Il G. fu ricompensato con la nomina a governatore e castellano di Ventimiglia (novembre 1455), ma l'opposizione dei Doria e degli Spinola, con i quali il Fregoso cercava di ristabilire un accordo, gli impedì di prendere effettivo possesso della carica. Il G. dovette restituire i contrassegni delle fortezze cittadine, ma il doge riuscì tuttavia a impedire che a Ventimiglia s'insediasse Benedetto Doria, il quale continuò però a fomentare complotti per entrarne in possesso. Del mancato governo sulla città il G. non mostrò d'adombrarsene; rimase fedele ai Fregoso (uno dei quali, Guido, fu da lui nominato podestà di Monaco) e, nel corso del 1456, intervenne più volte in sostegno del cognato, in particolare contro la flotta catalana di Bernat de Villamarì, inviata da re Alfonso a bloccare le coste liguri. Con altri esponenti della sua casata egli prese in seguito parte attiva alle trattative diplomatiche aperte dal doge con la corte di Francia allo scopo di concordare la cessione della signoria di Genova.

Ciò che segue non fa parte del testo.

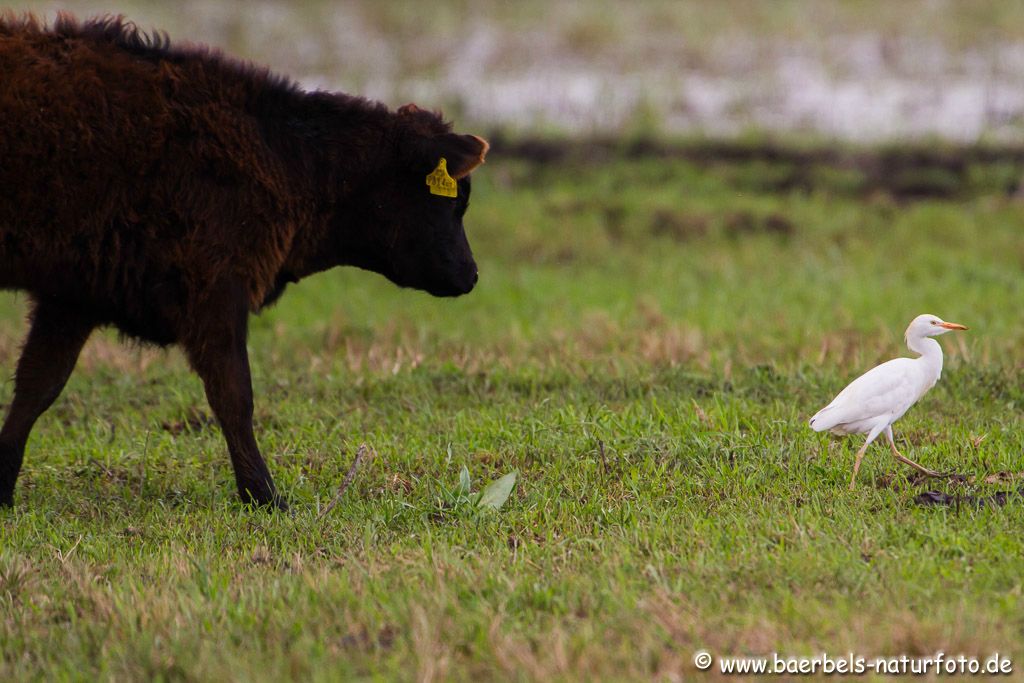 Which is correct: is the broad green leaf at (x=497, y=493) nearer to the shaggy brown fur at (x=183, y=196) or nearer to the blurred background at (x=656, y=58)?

Il 24 maggio 1456, ad Avignone, gli emissari di Pietro Fregoso stipularono una convenzione segreta con il rappresentante del re, Giovanni di Lorena, duca di Calabria ed erede di Renato d'Angiò, che definiva i preliminari dell'accordo. In essa un capitolo a parte disponeva che, una volta ritornata Genova sotto il dominio francese, il G. avrebbe ottenuto dal re Carlo VII la protezione regia sui suoi domini e, con essa, la conferma del contestato diritto di riscuotere un pedaggio del 2% su tutte le merci in transito davanti a Monaco.

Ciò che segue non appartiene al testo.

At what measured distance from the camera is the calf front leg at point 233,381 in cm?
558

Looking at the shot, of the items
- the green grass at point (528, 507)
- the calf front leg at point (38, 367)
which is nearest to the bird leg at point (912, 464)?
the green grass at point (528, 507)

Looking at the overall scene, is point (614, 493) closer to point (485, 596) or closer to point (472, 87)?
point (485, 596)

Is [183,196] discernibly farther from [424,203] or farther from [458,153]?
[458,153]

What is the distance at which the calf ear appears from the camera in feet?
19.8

Ammalatosi gravemente verso la fine di quell'anno, il G. fece testamento in Monaco, il 4 genn. 1457, nominando erede l'unica figlia, Claudina, per la quale disponeva il matrimonio con il cugino Lamberto Grimaldi, signore di Antibes e consignore di Mentone, appartenente al ramo più prossimo della famiglia.
Il G. morì a Monaco, alla metà di luglio del 1457, e fu sepolto nella chiesa di S. Michele di Mentone.

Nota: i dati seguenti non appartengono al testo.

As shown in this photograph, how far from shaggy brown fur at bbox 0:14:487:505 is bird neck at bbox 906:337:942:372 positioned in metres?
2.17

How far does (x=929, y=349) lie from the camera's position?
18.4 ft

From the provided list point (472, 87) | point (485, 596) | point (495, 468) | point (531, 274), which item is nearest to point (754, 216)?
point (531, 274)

Fonti e Bibl.: E. Cais de Pierlas, Documents inédits sur les Grimaldi et Monaco, Turin 1885, pp. 43-46; G. Rossi, Storia della città di Ventimiglia, Oneglia 1886, pp. 117 s., 121-123; G. Saige, Documents historiques relatifs à la Principauté de Monaco depuis le XVe siècle, I, Monaco 1891, pp. CXLV-CLVI; N. Battilana, Genealogie delle famiglie nobili di Genova, II, Genova 1826, Famiglia Grimaldi, p. 4.